Cukup banyak tanggapan yang disampaikan oleh pembaca, dan itu semua berlangsung sebelum Ayat-Ayat Cinta terbit. Di antaranya adalah tanggapan dari seorang ustadz muda dari pesantren Raudhatush Shalihin, Batur, Klaten yang bernama Al Ustadz K.H. Aswin Yunan Zarkasi, I.C. Usai membaca karya ini beliau berkomentar “sungguh karya yang sarat hikmah dan menyentuh. Bahasanya sederhana namun indah”. Tanggapan itu juga datang dari seorang pembaca yang tidak menyebutkan identitasnya, menulis pesan melalui SMS kepada pengarang, usai membaca karya sederhana ini “setiap kali membaca novel Kang Abik, melahirkan spirit dalam diri saya untuk menjadi lebih baik dan lebih baik lagi. Dapat seberbakti Niyala (dalam Setetes Embun Cinta Niyala), seikhlas Raihana (dalam Pudarnya Pesona Cleopatra), dan sebahagia Afirah (dalam Di Atas Sajadah Cinta) dalam merasakan cinta sejati yang hakiki” (Shirazy, 2007:vi).

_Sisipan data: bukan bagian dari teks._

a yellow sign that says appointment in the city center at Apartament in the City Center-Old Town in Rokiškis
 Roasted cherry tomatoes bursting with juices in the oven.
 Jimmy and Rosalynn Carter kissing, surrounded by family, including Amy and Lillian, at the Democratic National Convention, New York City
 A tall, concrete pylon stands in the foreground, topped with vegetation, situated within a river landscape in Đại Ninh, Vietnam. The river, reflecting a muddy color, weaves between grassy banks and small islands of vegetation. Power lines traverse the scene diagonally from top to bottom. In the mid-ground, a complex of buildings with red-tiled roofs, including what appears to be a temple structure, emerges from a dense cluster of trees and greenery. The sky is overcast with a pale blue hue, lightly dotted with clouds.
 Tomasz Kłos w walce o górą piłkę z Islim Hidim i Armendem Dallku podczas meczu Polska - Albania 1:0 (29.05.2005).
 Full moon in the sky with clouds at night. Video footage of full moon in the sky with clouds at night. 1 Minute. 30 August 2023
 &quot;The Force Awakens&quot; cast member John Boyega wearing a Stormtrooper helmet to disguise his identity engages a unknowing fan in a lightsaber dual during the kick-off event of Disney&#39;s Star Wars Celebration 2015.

Novel yang berjudul Pudarnya Pesona Cleopatra karya Habiburrahman El Shirazy berisi dua buah novel. Novel yang pertama berjudul Pudarnya Pesona Cleopatra dan novel yang kedua berjudul Setetes Embun Cinta Niyala. Namun, yang dikaji dalam penelitian ini adalah novel Pudarnya Pesona Cleopatra.
Dari uraian di atas, penulis bermaksud mengkaji keberfungsian latar untuk mendukung penokohan dalam novel Pudarnya Pesona Cleopatra karya Habiburrahman El-Shirazy serta kelayakannya sebagai bahan ajar sastra di Sekolah Menengah Atas (SMA).
B. Rumusan Masalah Berdasarkan latar belakang masalah yang telah diuraikan di atas, maka peneliti merumuskan masalah “Bagaimanakah keberfungsian latar untuk mendukung penokohan dalam novel Pudarnya Pesona Cleopatra karya Habiburrahman El Shirazy serta kelayakannya sebagai bahan ajar sastra di SMA?”
C. Tujuan Penelitian Tujuan penelitian ini adalah untuk: 1. mendeskripsikan keberfungsian latar untuk mendukung penokohan dalam novel Pudarnya Pesona Cleopatra karya Habiburrahman El Shirazy; 2. mengetahui apakah novel tersebut layak digunakan sebagai alternatif bahan ajar sastra di SMA ditinjau dari keberfungsian latar untuk mendukung penokohan.
D. Kegunaan Penelitian Penelitian ini diharapkan berguna untuk: 1. meningkatkan pemahaman dan apresiasi pembaca khususnya siswa SMA terhadap karya sastra mengenai keberfungsian latar untuk mendukung penokohan
dalam
novel
Pudarnya
Pesona
Cleopatra
karya
Habiburrahman El Shirazy; 2. membantu guru bidang studi Bahasa dan Sastra Indonesia dalam mencari alternatif bahan ajar yang diminati oleh siswa SMA; 3. menginformasikan kepada pembaca, siswa, dan guru tentang deskripsi keberfungsian latar untuk mendukung penokohan yang terdapat dalam novel Pudarnya Pesona Cleopatra karya Habiburrahman El Shirazy.
E. Ruang Lingkup Penelitian Ruang lingkup penelitian ini adalah: 1. keberfungsian latar untuk mendukung penokohan; a. latar sebagai unsur fiksi b. latar sebagai metafora c. latar sebagai atmosfer 2. kelayakan novel Pudarnya Pesona Cleopatra karya Habiburrahman El Shirazy sebagai bahan ajar sastra di SMA.